### TASK
For the entries below, repeat exactly each line starting with the one that contains "4FT Marquee Light" and going on through the one that contains "Papier peint floral", and no others.

### SUPPLIED MATERIAL
════════════════════

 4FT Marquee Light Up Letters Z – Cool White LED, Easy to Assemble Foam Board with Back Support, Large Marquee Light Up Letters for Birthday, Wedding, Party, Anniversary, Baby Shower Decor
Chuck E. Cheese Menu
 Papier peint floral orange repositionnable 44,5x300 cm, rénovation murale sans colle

════════════════════

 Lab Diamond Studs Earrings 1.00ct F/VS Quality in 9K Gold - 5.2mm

════════════════════

### WRITTEN RESPONSE
 4FT Marquee Light Up Letters Z – Cool White LED, Easy to Assemble Foam Board with Back Support, Large Marquee Light Up Letters for Birthday, Wedding, Party, Anniversary, Baby Shower Decor
Chuck E. Cheese Menu
 Papier peint floral orange repositionnable 44,5x300 cm, rénovation murale sans colle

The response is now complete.